Too many people are confusing the two. Whenever lemmy.ml or its devs do something stupid, people go “Lemmy is getting worse and worse,” or “I’m leaving Lemmy,” or worse, “I’m leaving for Beehaw.”
If you’re using Beehaw, then you’re using Lemmy. Lemmy is the software these instances run on. If you don’t like lemmy.ml, join another instances that have rules that match your philosophy. Some instance hosts authoritarian or fascist shit? Turn to another Lemmy instance. Lemmy.ml is not even the biggest instance. People who just joined and are unfamiliar with the platform will just think the entire Lemmyverse is run by autocratic admins if we don’t get our terminology right.
Karma is important? The only “use” for it is to do what? users farm it so adding karma or something similar would just make this place worse
Now, that said, there are ways to game those things too, but that’s the concept and some of the bigger benefits.
A picture of a kitten in the appropriate general forum or a statement agreeing with the general opinion on a top comment on some politcal forum will get many times more Karma than a post on an expert forum that took 30 minutes to validate and write and is anchored on a decade of domain expertise.
Beyond it’s utility (for commercial social media sites) as a gamification element (a score, which incentivises people compete with each other in producing easilly digestible content that pleases the general population in a forum - which, note, doesn’t mean its correct, well researched or anchored in genuine domain knowledge), Karma, at least as done in Reddit, is near useless.
Maybe some kind of per-forum Karma or just a per-forum summary of the reception of past posts for a user might be useful, but “score”-Karma just indicates the ability to produce lots of content (so, produced quickly, hence almost certainly not validated) which is popular in large forums (which are invariably the generic ones).
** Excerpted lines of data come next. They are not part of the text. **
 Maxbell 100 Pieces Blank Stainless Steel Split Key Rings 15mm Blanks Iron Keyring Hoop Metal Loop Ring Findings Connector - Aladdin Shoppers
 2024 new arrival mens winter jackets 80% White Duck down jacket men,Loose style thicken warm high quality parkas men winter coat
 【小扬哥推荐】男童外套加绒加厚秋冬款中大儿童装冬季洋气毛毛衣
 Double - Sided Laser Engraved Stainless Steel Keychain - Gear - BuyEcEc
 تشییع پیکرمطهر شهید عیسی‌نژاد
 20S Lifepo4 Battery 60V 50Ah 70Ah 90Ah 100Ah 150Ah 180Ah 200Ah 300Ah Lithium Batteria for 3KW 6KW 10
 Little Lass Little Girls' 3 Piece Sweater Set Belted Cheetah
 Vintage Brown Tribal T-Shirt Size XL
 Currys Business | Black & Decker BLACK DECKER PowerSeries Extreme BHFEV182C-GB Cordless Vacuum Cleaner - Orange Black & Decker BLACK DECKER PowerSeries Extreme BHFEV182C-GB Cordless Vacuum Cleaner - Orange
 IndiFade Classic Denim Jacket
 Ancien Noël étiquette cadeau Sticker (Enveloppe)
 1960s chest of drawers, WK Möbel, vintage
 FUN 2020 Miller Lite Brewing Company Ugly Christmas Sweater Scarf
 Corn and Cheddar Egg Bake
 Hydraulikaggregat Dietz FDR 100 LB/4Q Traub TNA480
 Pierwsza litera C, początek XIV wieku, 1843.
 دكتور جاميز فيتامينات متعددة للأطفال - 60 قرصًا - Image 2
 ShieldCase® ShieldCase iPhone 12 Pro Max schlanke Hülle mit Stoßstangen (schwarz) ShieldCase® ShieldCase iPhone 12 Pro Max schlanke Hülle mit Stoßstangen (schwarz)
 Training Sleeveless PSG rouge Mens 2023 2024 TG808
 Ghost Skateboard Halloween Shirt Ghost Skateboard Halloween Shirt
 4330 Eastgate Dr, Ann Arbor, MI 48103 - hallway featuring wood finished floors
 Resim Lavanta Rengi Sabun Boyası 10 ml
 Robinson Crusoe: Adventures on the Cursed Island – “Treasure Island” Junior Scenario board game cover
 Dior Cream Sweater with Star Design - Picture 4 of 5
I still receive PMs every once in a while from random people on Reddit thanking me for comments that I’ve posted years ago. Those comments have less than 20 karma combined. I also have a comment saying “Nice.” which contributes nothing and is sitting at almost 3000. Karma is meaningless.
Nice.
Have an internet point
I’m not a karma whore, otherwise I would not post on Lemmy. But when you post something and you see that people agree with it is nice to see. I do not see the problem with karma.
I think there’s a difference between upvotes and karma. Seeing upvotes on a particular post is nice. Having a score of the sum of all your upvotes and having it displayed to everyone is a different matter, in my opinion. I feel like it gets taken as a gauge of the quantity/value of a person’s contributions, when there are low-effort ways of gaining karma, hence the problem some may have.
Its a gamification tactic to keep people addicted to Reddit. It’s definitively not a good thing, in my opinion
User engagement is important, and karma is one way of driving that engagement. Pretending something’s not important from your high horse because you don’t understand it just makes you look like a spez.
gamification does drive engagement, though not necessarily the right kind.